Exploring Data-Efficient 3D Scene Understanding with Contrastive Scene Contexts

PointContrast

The rapid progress in 3D scene understanding has come with growing demand for data; however, collecting and annotating 3D scenes (e.g. point clouds) are notoriously hard. For example, the number of scenes (e.g. indoor rooms) that can be accessed and scanned might be limited; even given sufficient data, acquiring 3D labels (e.g. instance masks) requires intensive human labor. In this paper, we explore data-efficient learning for 3D point cloud. As a first step towards this direction, we propose Contrastive Scene Contexts, a 3D pre-training method that makes use of both point-level correspondences and spatial contexts in a scene. Our method achieves state-of-the-art results on a suite of benchmarks where training data or labels are scarce. Our study reveals that exhaustive labelling of 3D point clouds might be unnecessary; and remarkably, on ScanNet, even using 0.1% of point labels, we still achieve 89% (instance segmentation) and 96% (semantic segmentation) of the baseline performance that uses full annotations.

[CVPR 2021 Paper] [Video] [Project Page] [ScanNet Data-Efficient Benchmark]

Environment

This codebase was tested with the following environment configurations.

  • Ubuntu 20.04
  • CUDA 10.2
  • GCC 7.3.0
  • Python 3.7.7
  • PyTorch 1.5.1
  • MinkowskiEngine v0.4.3

Installation

We use conda for the installation process:

# Install virtual env and PyTorch
conda create -n sparseconv043 python=3.7
conda activate sparseconv043
conda install pytorch==1.5.1 torchvision==0.6.1 cudatoolkit=10.2 -c pytorch

# Complie and install MinkowskiEngine 0.4.3.
conda install mkl mkl-include -c intel
wget https://github.com/NVIDIA/MinkowskiEngine/archive/refs/tags/v0.4.3.zip
cd MinkowskiEngine-0.4.3 
python setup.py install

Next, download Contrastive Scene Contexts git repository and install the requirement from the root directory.

git clone https://github.com/facebookresearch/ContrastiveSceneContexts.git
cd ContrastiveSceneContexts
pip install -r requirements.txt

Our code also depends on PointGroup and PointNet++.
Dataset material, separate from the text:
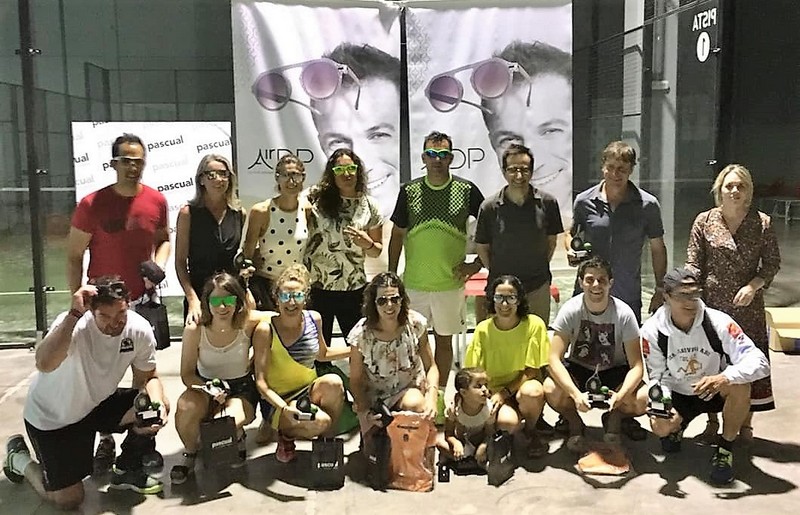 Jes&uacute;s Campo Y H&eacute;ctor Ladrero y Sandra Mart&iacute;nez Y Patricia Colomina se adjudican la 4&ordf; Prueba del Circuito Ribera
# Install OPs in PointGroup by:
conda install -c bioconda google-sparsehash
cd downstream/semseg/lib/bfs/ops
python setup.py build_ext --include-dirs=YOUR_ENV_PATH/include
python setup.py install

# Install PointNet++
cd downstream/votenet/models/backbone/pointnet2
python setup.py install

Pre-training on ScanNet

Data Pre-processing

For pre-training, one can generate ScanNet Pair data by following code (need to change the TARGET and SCANNET_DIR accordingly in the script).

cd pretrain/scannet_pair
./preprocess.sh

This piece of code first extracts pointcloud from partial frames, and then computes a filelist of overlapped partial frames for each scene. Generate a combined txt file called overlap30.txt of filelists of each scene by running the code

cd pretrain/scannet_pair
python generate_list.py --target_dir TARGET

This overlap30.txt should be put into folder TARGET/splits.

Pre-training

Our codebase enables multi-gpu training with distributed data parallel (DDP) module in pytorch. To train PointContrast with 8 GPUs (batch_size=32, 4 per GPU) on a single server:

cd pretrain/contrastive_scene_contexts
# Pretrain with SparseConv backbone
OUT_DIR=./output DATASET=ROOT_PATH_OF_DATA scripts/pretrain_sparseconv.sh
# Pretrain with PointNet++ backbone
OUT_DIR=./output DATASET=ROOT_PATH_OF_DATA scripts/pretrain_pointnet2.sh

ScanNet Downstream Tasks

Data Pre-Processing

We provide the code for pre-processing the data for ScanNet downstream tasks. One can run following code to generate the training data for semantic segmentation and instance segmentation.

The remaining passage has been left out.